Do not take the drug VANDETANIB-PROMOMED:

• If you are allergic to vandetanib or any other components of the drug listed in section 6 of the leaflet
• If you have congenital disorders of conduction of impulses in the heart
• If according to the electrocardiogram (ECG) You have an elongation of the QT interval (a measurement to assess the electrical properties of the heart performed on an ECG)
• If you are simultaneously taking other medications that can prolong the QTc interval (the corrected QT interval used to diagnose heart diseases and predict the risk of their development), affect changes in heart rhythm, and cause irregular and rapid heart contractions (fluttering/flickering), for example, arsenic drugs, cisapride, erythromycin (intravenously), toremifene, misolastine, moxifloxacin, antiarrhythmic drugs
• If you have liver failure
• If you are pregnant or breastfeeding

Tell your doctor that you are taking, have recently taken, or are about to take any other medications.
Your doctor needs to know about the medications you are taking in order to take into account possible adverse reactions that may develop due to the interaction of various medications with VANDETANIB-PROMOMED, and possibly adjust the doses of the medications you are taking.
Read the list of medications in the subsections "Contraindications", "Special instructions and precautions" in the leaflet for information about medications that should not be taken in conjunction with VANDETANIB-PROMOMED.

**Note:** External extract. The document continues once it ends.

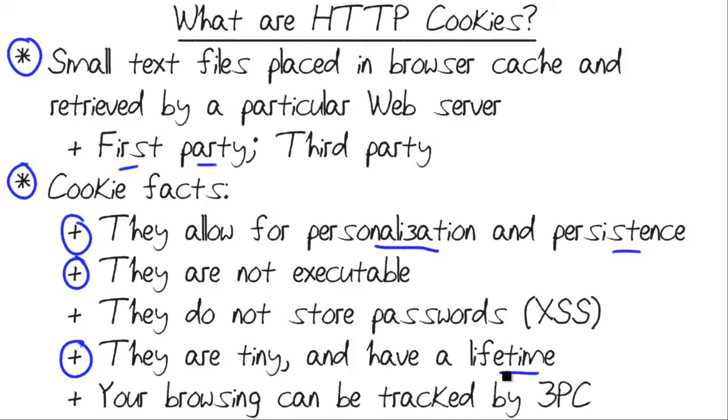Cookies also have a lifetime set by their parent website. There are plenty of cool cookie cleaner programs around — I'm a big fan of Piriform's CCleaner myself. And also, any current web browser will allow you to dump cookies directly from their settings menus.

Registration certificate holder
JSC Biochemist, Russian Federation
15A Vasenko St., Saransk, Republic of Mordovia, 430030
Manufacturer
JSC Biochemist, Russian Federation
Address: 15A Vasenko str., Saransk, 430030, Republic of Mordovia
Phone number: +7 (8342) 38 03 68
Email: biohimic@promomed.pro
Internet address: promomed.ru
An organization that accepts consumer claims
JSC Biochemist, Russian Federation
Address: 15A Vasenko St., Saransk, 430030, Republic of Mordovia
Phone number: 8 800 222 95 63; 8 800 777 86 04 ( around the clock)
Email: hot_line@promomed.pro

Keep the drug out of the reach of the child so that the child cannot see it. Do not use the drug after the expiration date (shelf life) indicated on the cardboard pack after "Good before". The expiration date is the last day of the given month. Store at temperatures below 30 °C. Store in the original packaging (pack).

The drug VANDETANIB-PROMOMED is intended only for the treatment of adults. Do not give the drug to children under the age of 18, as efficacy and safety have not been established.

Consult your doctor before taking VANDETANIB PROMOMED. In some cases, taking the drug VANDETANIB-PROMOMED requires special precautions.